Re: [PATCH 4/4] mm: memcontrol: clean up alloc, online, offline, free functions

From: Vladimir Davydov
Date: Wed Dec 16 2015 - 07:17:57 EST


On Tue, Dec 15, 2015 at 02:38:58PM -0500, Johannes Weiner wrote:
> On Mon, Dec 14, 2015 at 08:14:55PM +0300, Vladimir Davydov wrote:
> > On Fri, Dec 11, 2015 at 02:54:13PM -0500, Johannes Weiner wrote:
> > ...
> > > -static int
> > > -mem_cgroup_css_online(struct cgroup_subsys_state *css)
> > > +static struct cgroup_subsys_state * __ref
> > > +mem_cgroup_css_alloc(struct cgroup_subsys_state *parent_css)
> > > {
> > > - struct mem_cgroup *memcg = mem_cgroup_from_css(css);
> > > - struct mem_cgroup *parent = mem_cgroup_from_css(css->parent);
> > > - int ret;
> > > -
> > > - if (css->id > MEM_CGROUP_ID_MAX)
> > > - return -ENOSPC;
> > > + struct mem_cgroup *parent = mem_cgroup_from_css(parent_css);
> > > + struct mem_cgroup *memcg;
> > > + long error = -ENOMEM;
> > >
> > > - if (!parent)
> > > - return 0;
> > > + memcg = mem_cgroup_alloc();
> > > + if (!memcg)
> > > + return ERR_PTR(error);
> > >
> > > mutex_lock(&memcg_create_mutex);
> >
> > It is pointless to take memcg_create_mutex in ->css_alloc.
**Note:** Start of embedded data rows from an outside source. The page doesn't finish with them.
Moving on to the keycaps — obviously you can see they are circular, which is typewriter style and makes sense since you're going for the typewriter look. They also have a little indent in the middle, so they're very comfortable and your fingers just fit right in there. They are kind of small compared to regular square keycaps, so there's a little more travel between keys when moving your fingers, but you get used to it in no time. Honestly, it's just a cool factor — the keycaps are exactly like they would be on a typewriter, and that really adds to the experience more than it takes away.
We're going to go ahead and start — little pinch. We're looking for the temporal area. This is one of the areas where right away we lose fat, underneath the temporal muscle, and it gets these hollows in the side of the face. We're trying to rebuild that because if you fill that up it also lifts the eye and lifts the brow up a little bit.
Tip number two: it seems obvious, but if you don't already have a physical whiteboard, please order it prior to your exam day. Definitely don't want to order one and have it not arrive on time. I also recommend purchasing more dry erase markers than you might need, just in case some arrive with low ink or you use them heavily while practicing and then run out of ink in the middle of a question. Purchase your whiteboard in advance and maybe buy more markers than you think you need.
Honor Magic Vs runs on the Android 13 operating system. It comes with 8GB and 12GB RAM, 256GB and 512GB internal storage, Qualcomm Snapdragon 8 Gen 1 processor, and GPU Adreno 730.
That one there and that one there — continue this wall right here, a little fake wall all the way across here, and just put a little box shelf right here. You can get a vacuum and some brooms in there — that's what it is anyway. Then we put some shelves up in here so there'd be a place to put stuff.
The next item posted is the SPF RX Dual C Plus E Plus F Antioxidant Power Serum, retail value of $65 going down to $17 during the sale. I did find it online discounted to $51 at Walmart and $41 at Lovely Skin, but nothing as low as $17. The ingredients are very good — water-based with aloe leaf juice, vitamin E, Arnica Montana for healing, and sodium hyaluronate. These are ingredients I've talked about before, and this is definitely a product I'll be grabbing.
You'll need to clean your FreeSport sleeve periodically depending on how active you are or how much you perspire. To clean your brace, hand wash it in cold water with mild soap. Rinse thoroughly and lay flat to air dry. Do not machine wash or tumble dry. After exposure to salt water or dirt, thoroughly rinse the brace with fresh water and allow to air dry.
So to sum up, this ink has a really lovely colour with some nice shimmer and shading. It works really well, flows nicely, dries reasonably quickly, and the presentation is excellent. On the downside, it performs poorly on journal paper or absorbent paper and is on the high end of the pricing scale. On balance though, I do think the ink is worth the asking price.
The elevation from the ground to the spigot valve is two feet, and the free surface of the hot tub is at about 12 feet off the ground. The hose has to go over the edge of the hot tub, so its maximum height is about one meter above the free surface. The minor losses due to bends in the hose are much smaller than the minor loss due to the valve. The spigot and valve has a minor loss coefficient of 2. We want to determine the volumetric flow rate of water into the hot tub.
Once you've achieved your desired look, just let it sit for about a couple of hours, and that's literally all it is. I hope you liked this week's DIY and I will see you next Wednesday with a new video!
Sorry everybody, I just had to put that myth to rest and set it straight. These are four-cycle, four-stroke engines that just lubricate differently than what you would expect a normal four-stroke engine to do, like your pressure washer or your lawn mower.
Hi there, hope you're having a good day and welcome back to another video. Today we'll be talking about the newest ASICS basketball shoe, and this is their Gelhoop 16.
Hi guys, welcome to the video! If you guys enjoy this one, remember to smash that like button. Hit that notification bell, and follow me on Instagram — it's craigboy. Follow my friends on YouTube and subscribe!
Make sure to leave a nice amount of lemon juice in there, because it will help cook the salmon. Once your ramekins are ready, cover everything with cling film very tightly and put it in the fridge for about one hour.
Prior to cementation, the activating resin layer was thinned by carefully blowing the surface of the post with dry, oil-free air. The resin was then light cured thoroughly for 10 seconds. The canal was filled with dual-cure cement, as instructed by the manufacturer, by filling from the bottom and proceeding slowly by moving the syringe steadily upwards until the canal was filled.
It won't
> > prevent setting use_hierarchy for parent after a new child was
> > allocated, but before it was added to the list of children (see
> > create_css()). Taking the mutex in ->css_online renders this race
> > impossible. That is, your cleanup breaks use_hierarchy consistency
> > check.
> >
> > Can we drop this use_hierarchy consistency check at all and allow
> > children of a cgroup with use_hierarchy=1 have use_hierarchy=0? Yeah,
> > that might result in some strangeness if cgroups are created in parallel
> > with use_hierarchy flipped, but is it a valid use case? I surmise, one
> > just sets use_hierarchy for a cgroup once and for good before starting
> > to create sub-cgroups.
>
> I don't think we have to support airtight exclusion between somebody
> changing the parent attribute and creating new children that inherit
> these attributes. Everything will still work if this race happens.
>
> Does that mean we have to remove the restriction altogether? I'm not
> convinced. We can just keep it for historical purposes so that we do
> not *encourage* this weird setting.

Well, legacy hierarchy is scheduled to die, so it's too late to
encourage or discourage any setting regarding it.

Besides, hierarchy mode must be enabled for 99% setups, because this is
what systemd does at startup. So I don't think we would hurt anybody by
dropping this check altogether - IMO it'd be fairer than having a check
that might sometimes fail.

It's not something I really care about though, so I don't insist.

>
> I think that's good enough. Let's just remove the memcg_create_mutex.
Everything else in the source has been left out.